Brief: Without the pictures, can you quote each line below exactly?

The data:
*** Block opens ***
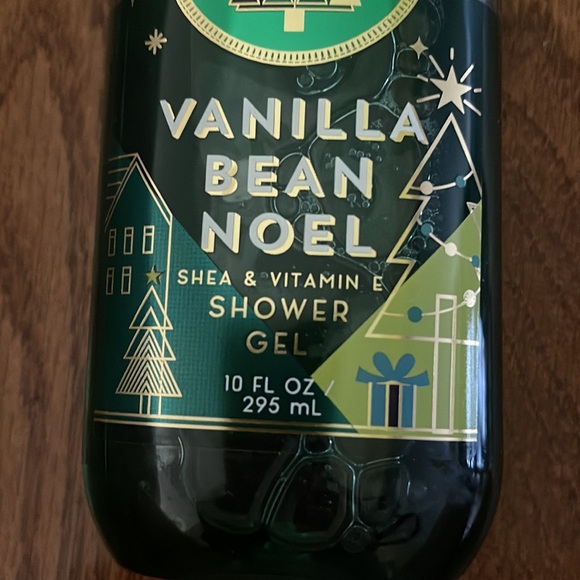 NWT Vanilla Bean Noel Shower Gel - Picture 2 of 4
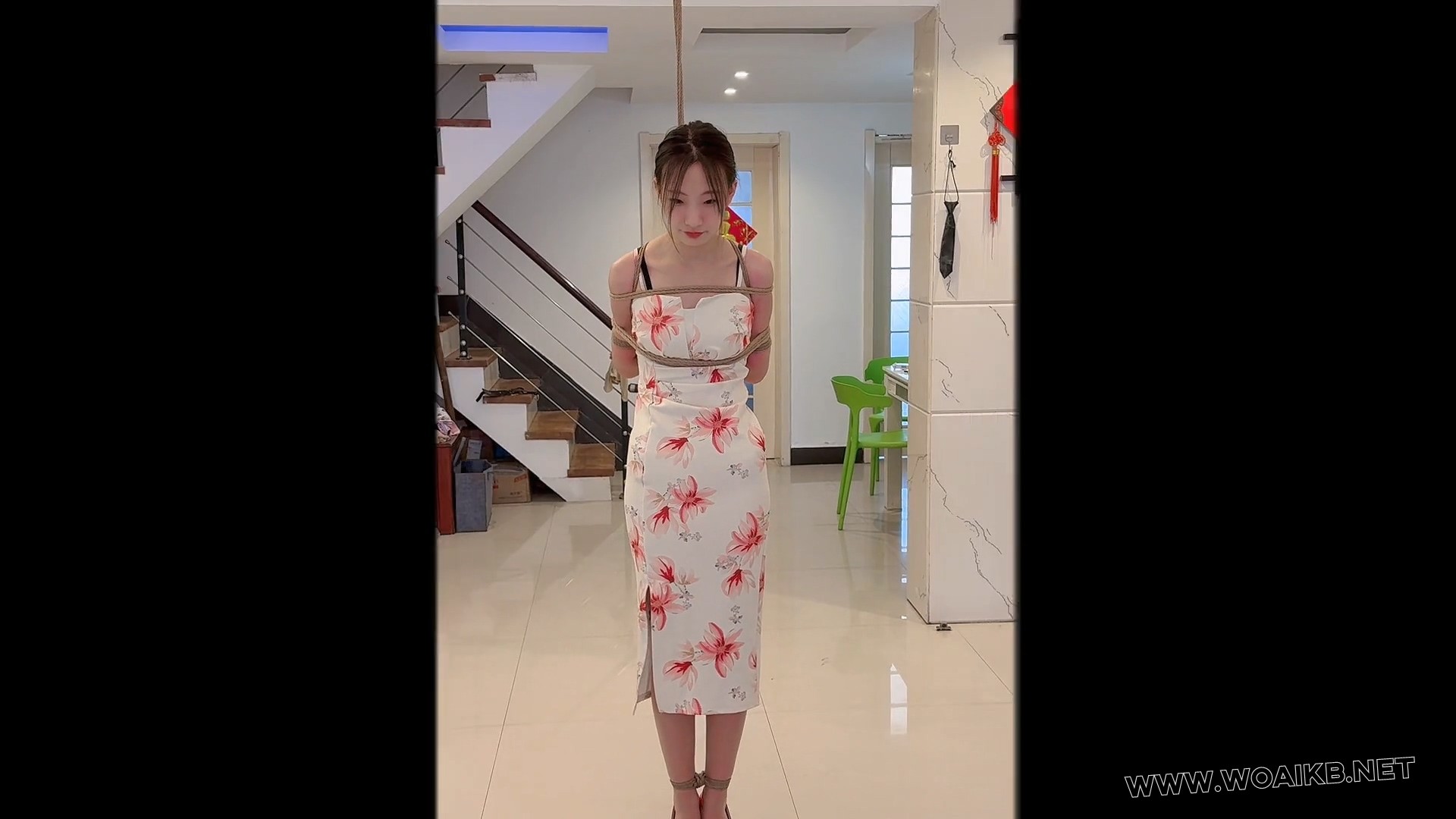 书瑶 男S调书瑶，白底带花旗袍，肉色丝袜，红色高跟，书瑶穿上这身，还是很漂亮的 封面图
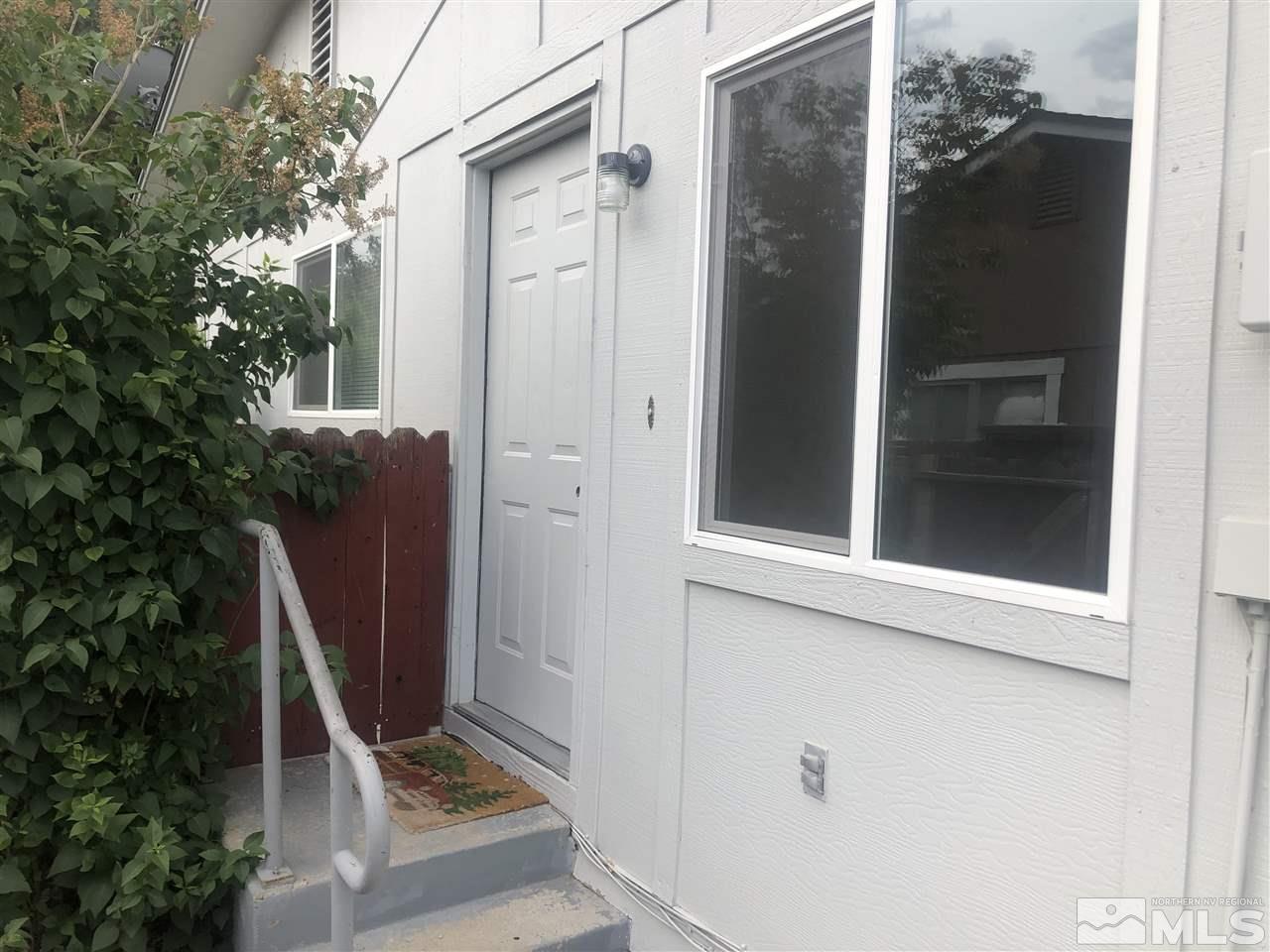6720 Lotus Street Reno, NV 89506 - Photo 2 of 17 Photo 2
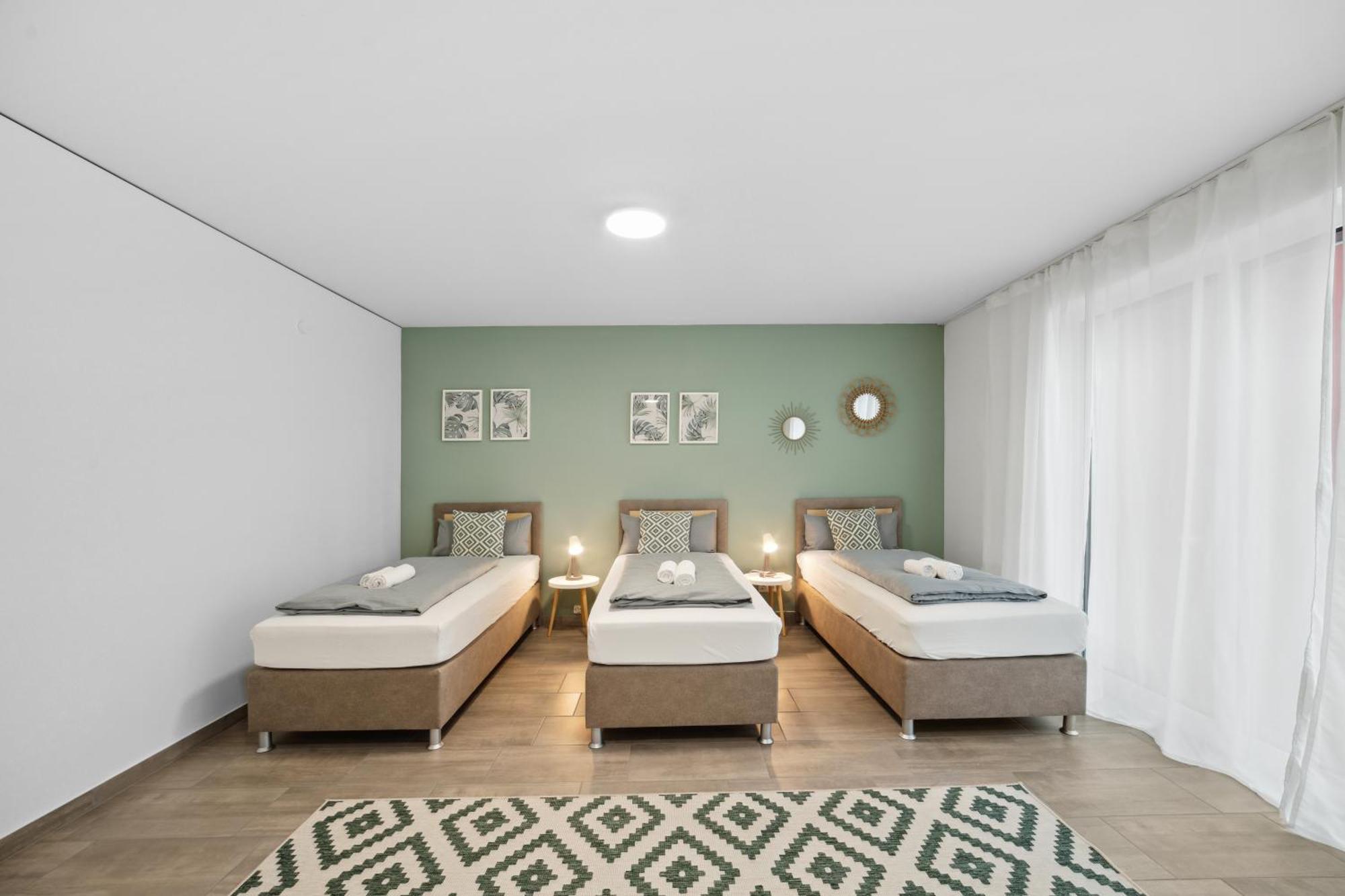 Sali Homes Spacious With Terrace In Center Appartement *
*** Block closes ***
Written answer:
 NWT Vanilla Bean Noel Shower Gel - Picture 2 of 4
 书瑶 男S调书瑶，白底带花旗袍，肉色丝袜，红色高跟，书瑶穿上这身，还是很漂亮的 封面图
6720 Lotus Street Reno, NV 89506 - Photo 2 of 17 Photo 2
 Sali Homes Spacious With Terrace In Center Appartement *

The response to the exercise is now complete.